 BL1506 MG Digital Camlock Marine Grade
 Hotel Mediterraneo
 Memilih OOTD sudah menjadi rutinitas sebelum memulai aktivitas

┄┄┄┄┄┄┄┄┄┄

WHAT IS BEING ASKED:
Down to the final line, write out all of the material exactly.

OUTPUT:
 BL1506 MG Digital Camlock Marine Grade
 Hotel Mediterraneo
 Memilih OOTD sudah menjadi rutinitas sebelum memulai aktivitas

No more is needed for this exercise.